## Task prompt
Find and copy each line of the records where the string "Image" shows up.

## Study material

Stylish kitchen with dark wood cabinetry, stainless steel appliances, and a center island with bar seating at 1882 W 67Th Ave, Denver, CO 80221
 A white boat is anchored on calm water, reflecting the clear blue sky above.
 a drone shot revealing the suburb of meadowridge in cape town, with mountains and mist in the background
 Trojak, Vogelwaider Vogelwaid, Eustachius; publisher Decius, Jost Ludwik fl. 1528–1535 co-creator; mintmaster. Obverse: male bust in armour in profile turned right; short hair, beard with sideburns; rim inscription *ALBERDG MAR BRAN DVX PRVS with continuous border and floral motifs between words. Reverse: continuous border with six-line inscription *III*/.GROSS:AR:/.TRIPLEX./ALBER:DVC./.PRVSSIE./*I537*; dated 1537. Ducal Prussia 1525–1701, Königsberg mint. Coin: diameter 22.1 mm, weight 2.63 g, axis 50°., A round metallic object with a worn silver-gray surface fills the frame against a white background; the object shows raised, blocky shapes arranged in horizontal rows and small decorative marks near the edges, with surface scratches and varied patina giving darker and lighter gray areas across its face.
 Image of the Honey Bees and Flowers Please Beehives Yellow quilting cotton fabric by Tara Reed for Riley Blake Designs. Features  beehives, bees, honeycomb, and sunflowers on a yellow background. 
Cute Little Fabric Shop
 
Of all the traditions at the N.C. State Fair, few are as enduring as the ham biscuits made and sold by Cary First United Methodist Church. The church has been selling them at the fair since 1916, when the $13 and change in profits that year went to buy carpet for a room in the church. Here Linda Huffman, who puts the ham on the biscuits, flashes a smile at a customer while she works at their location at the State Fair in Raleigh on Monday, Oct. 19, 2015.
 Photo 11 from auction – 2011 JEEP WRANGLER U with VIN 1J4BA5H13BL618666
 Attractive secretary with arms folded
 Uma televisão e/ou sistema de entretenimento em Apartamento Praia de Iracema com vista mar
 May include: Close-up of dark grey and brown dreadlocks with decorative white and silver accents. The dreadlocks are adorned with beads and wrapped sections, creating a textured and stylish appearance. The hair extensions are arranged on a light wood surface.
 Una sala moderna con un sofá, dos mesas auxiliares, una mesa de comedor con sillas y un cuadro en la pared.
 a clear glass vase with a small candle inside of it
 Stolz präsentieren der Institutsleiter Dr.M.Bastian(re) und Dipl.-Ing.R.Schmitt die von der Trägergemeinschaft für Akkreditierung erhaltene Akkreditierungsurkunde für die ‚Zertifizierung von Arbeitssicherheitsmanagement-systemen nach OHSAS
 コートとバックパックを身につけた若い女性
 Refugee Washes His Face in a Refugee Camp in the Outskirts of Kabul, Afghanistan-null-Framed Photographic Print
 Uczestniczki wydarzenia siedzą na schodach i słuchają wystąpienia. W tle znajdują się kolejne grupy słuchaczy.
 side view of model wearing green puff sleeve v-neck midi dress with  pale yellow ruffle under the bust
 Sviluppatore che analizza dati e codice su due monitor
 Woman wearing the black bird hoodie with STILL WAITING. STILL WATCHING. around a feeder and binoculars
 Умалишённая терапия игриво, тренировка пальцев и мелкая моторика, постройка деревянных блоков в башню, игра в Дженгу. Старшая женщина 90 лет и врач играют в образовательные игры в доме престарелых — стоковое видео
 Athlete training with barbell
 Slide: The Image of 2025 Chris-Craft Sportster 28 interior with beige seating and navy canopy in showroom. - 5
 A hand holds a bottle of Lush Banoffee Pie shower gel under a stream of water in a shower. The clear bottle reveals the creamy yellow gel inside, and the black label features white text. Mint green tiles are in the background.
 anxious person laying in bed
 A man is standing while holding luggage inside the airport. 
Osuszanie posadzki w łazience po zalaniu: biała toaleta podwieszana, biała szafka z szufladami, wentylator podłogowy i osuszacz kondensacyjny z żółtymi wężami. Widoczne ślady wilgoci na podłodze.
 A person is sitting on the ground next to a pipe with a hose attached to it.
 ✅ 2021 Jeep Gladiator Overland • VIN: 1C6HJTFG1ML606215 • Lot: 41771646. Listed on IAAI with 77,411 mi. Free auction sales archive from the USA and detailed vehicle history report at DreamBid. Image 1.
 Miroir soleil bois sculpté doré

## Response to the exercise
 Image of the Honey Bees and Flowers Please Beehives Yellow quilting cotton fabric by Tara Reed for Riley Blake Designs. Features  beehives, bees, honeycomb, and sunflowers on a yellow background. 
 Slide: The Image of 2025 Chris-Craft Sportster 28 interior with beige seating and navy canopy in showroom. - 5
 ✅ 2021 Jeep Gladiator Overland • VIN: 1C6HJTFG1ML606215 • Lot: 41771646. Listed on IAAI with 77,411 mi. Free auction sales archive from the USA and detailed vehicle history report at DreamBid. Image 1.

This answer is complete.